AVS 60th International Symposium and Exhibition
    Surface Science Monday Sessions
       Session SS-MoA

Paper SS-MoA6
Elemental Steps in Dehydration of Diols on TiO2(110)

Monday, October 28, 2013, 3:40 pm, Room 201 A

Session: Metal Oxides: Reactivity and Catalysis
Presenter: Z. Dohnalek, Pacific Northwest National Laboratory
Authors: D. Acharya, Pacific Northwest National Laboratory
Y. Yoon, Pacific Northwest National Laboratory
Z. Zhang, Baylor University
Z. Li, Pacific Northwest National Laboratory
X. Lin, Pacific Northwest National Laboratory
L. Chen, Pacific Northwest National Laboratory
R. Mu, Pacific Northwest National Laboratory
B.D. Kay, Pacific Northwest National Laboratory
R. Rousseau, Pacific Northwest National Laboratory
Z. Dohnalek, Pacific Northwest National Laboratory
Correspondent: Click to Email
Simple diols (ethylene and propylene glycols) are employed as models for deoxygenation reactions of biomass.
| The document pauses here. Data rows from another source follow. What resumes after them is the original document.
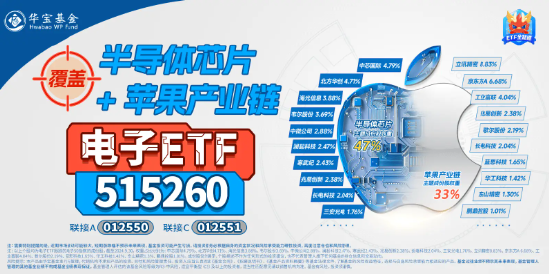 蘋果產(chǎn)業(yè)鏈嗨了！蘋果擬接入國產(chǎn)AI大模型，覆蓋“蘋果+芯片”產(chǎn)業(yè)鏈的電子ETF（515260）盤中漲近3%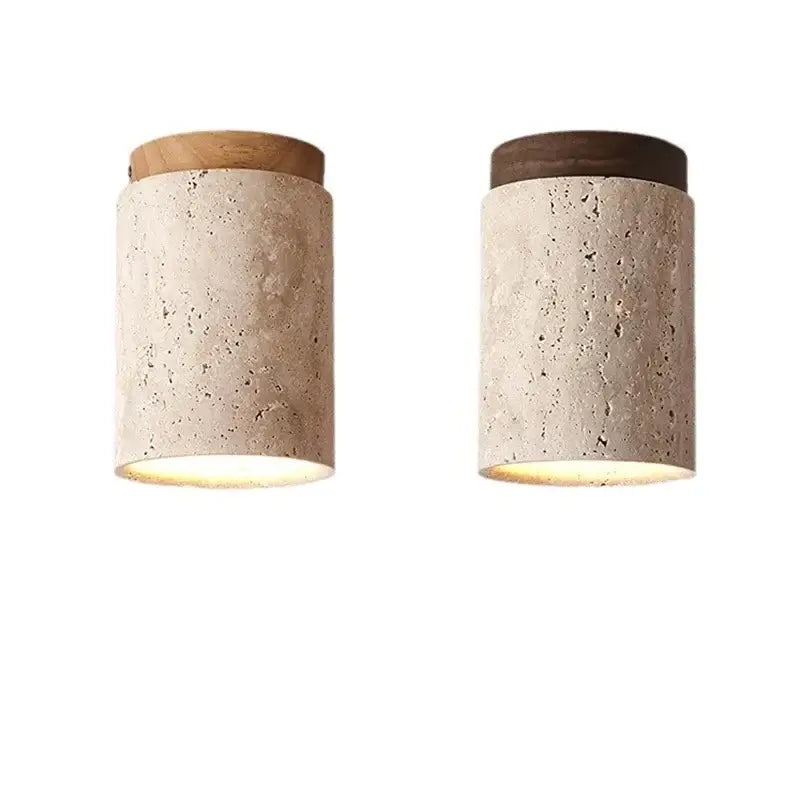 Plafonnier Cylindrique En Pierre Avec Finition En Bois

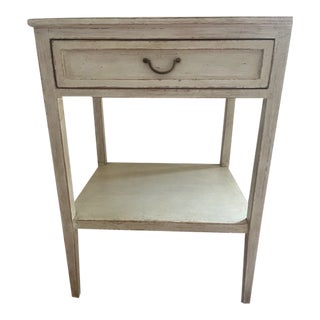 Chelsea Textiles Side Table With 1 Drawer and Shelf in Provence White Distressed Finish For Sale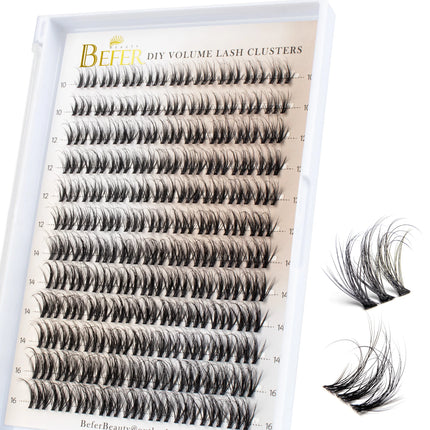 Befer 144pcs Lash Clusters 3D Natural Fluffy Cluster Lashes DIY Lash Extension 10-16mm Hight Quality Soft Super Thin Band Makeup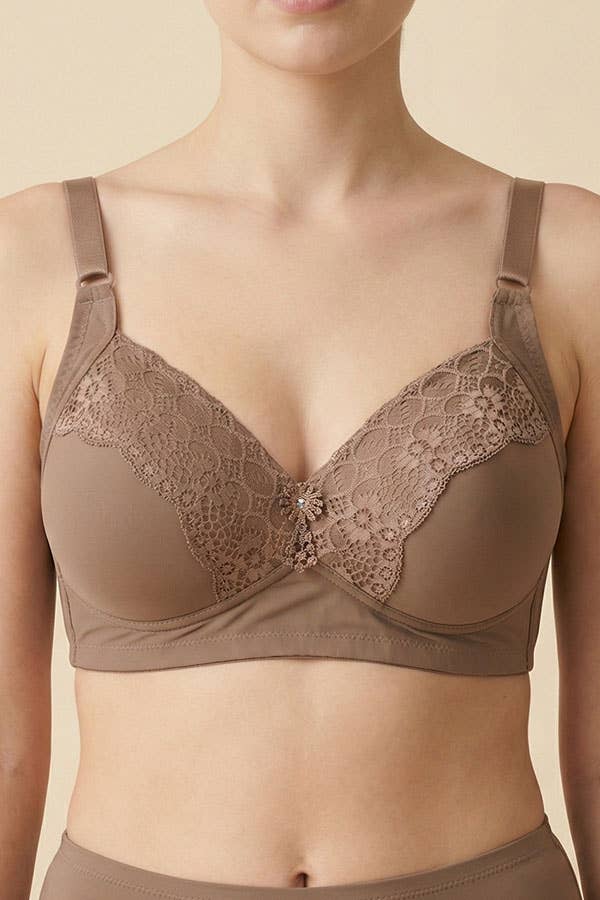 Youmita lace full coverage bra in Chestnut – front close‑up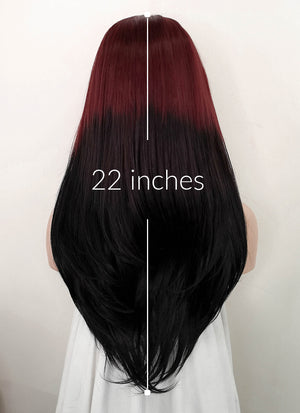 Red Black Ombre Straight Lace Front Synthetic Wig LF5135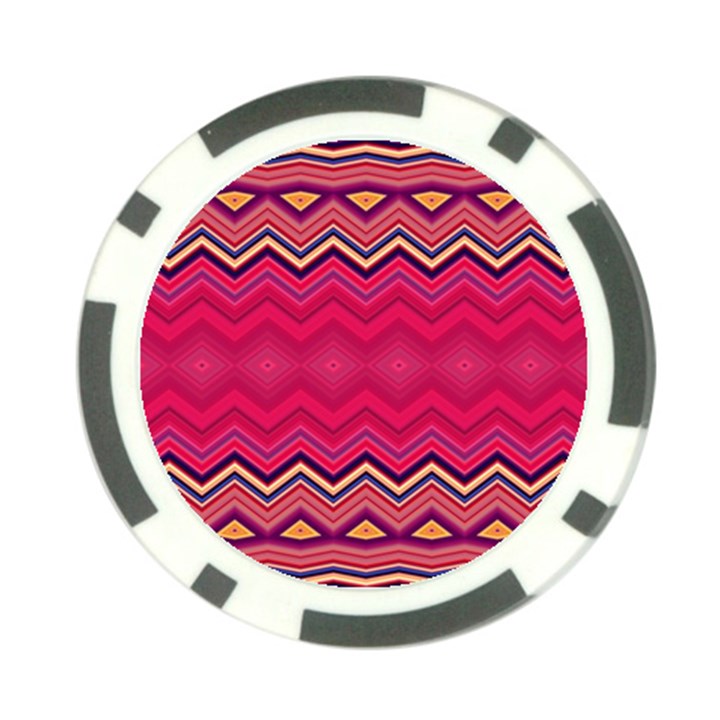 Boho Aztec Stripes Rose Pink Poker Chip Card Guard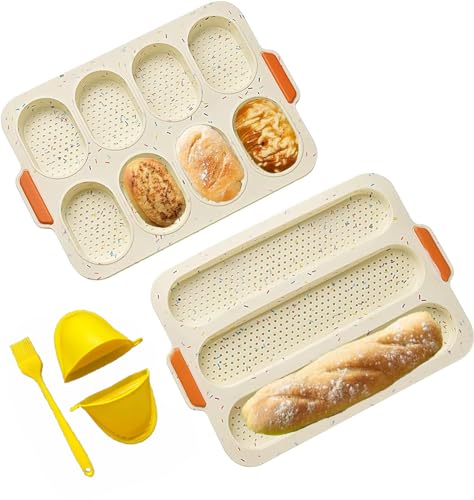 YXIAOO Backform Baguette Backblech Brötchen Brotbackformen Baguetteblech Backen von Baguettebrot Brot Langbrot Hot Dog mit 2 Isolationshandclip+Ölpinsel (Beige, Baguette) von YXIAOO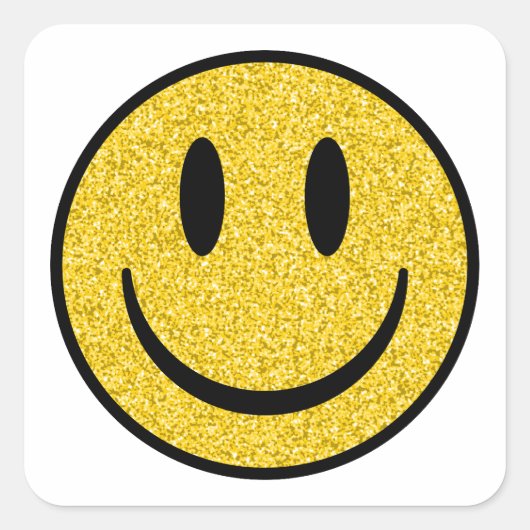 Glitter Smile Face Vierkante Sticker (Voorkant)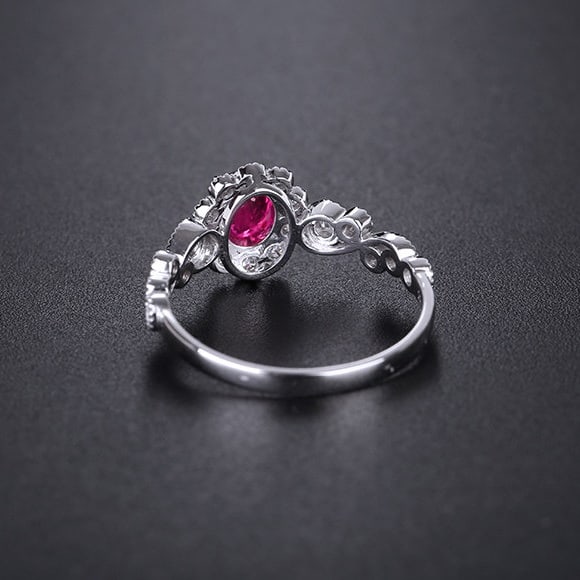 14k Gold 0.82 Ctw Natural Ruby & Diamond Ring - 4
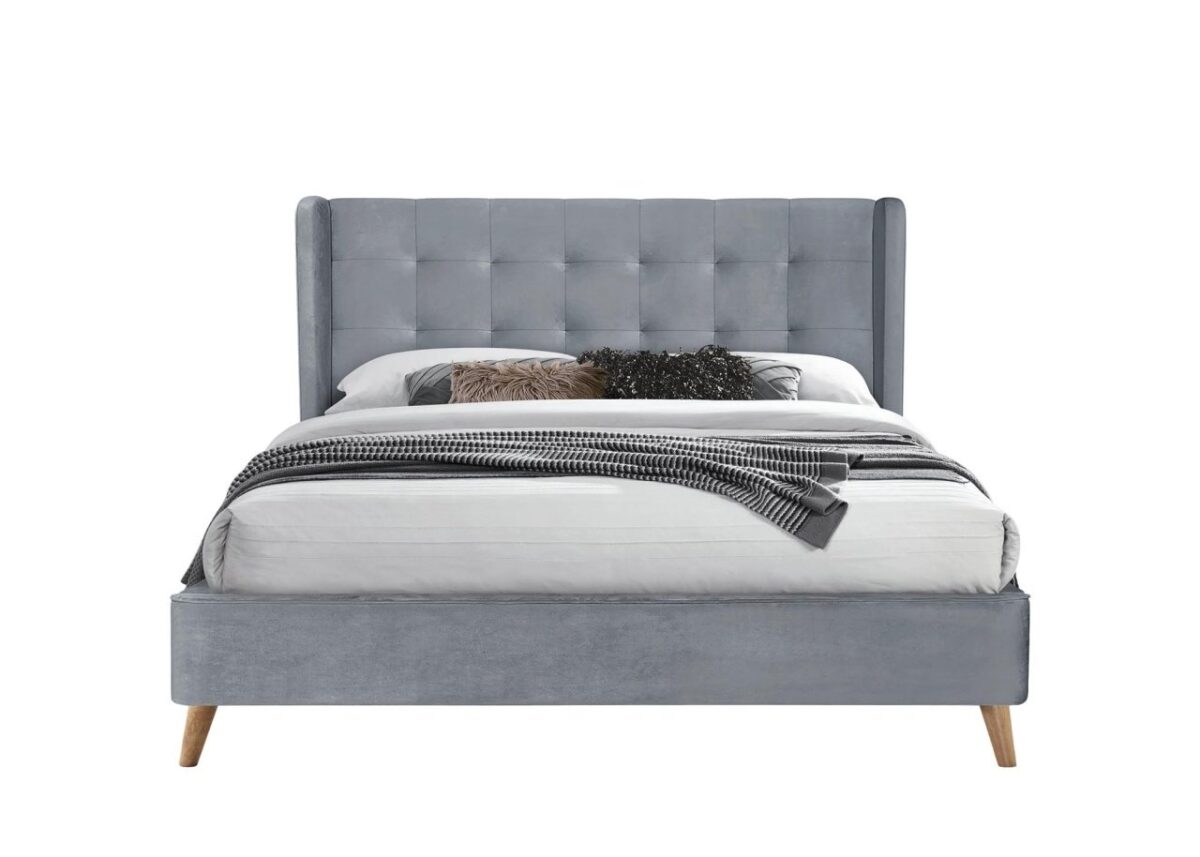 Letto Estella in velluto grigio - 160×200 cm - immagine 2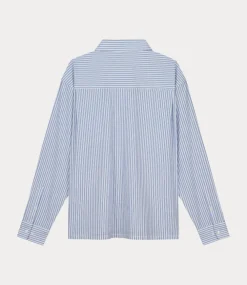 Olaf oxford stripe shirt ls blue stp M200302-BLUE STP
TiO2(110) is selected as a prototypical oxide catalyst to attain detailed mechanistic understanding of such reactions. In these studies atomically resolved imaging by scanning tunneling microscopy (STM) is combined with ensemble-averaging spectroscopic techniques such as temperature programmed desorption (TPD) and theoretical investigations via density functional theory (DFT). STM studies reveal that at low temperatures (140 K), diols adsorb on five-fold coordinated Ti4+ sites. The molecules readily dissociate via O-H bond scission forming Ti-bound hydroxyalkoxy and bridging hydroxy (HOb) species. The reverse reaction leading to molecularly bound diols is also observed indicating the attainment of a dynamic equilibrium between these conjugate acid/base pairs. Above 250 K, diols readily diffuse to oxygen vacancies and irreversibly dissociate via O-H bond scission of one of the OH groups forming geminate pairs of hydroxyalkoxy and hydroxyl species, both anchored on bridging oxygen (Ob) rows. The hydroxyalkoxy species rotate around their Ob anchor, switching the position of their OH between the two adjacent Ti rows. The rotating species are also found to assist cross-Ob row HOb hydrogen transfer. The OH group of the hydroxyalkoxy species is further observed to dissociate forming a dioxy species and an additional HOb. Annealing to ~450 K results in the formation of new dioxy intermediates that are centered on top of the Ob rows. Alkenes as final products are observed to desorb between 600 and 700 K. For ethylene glycol, our coverage dependent TPD studies further show acetaldehyde as a second carbon containing product at high coverages. Detailed theoretical calculations yield a deep insight into the mechanism and energetics of the observed reaction steps.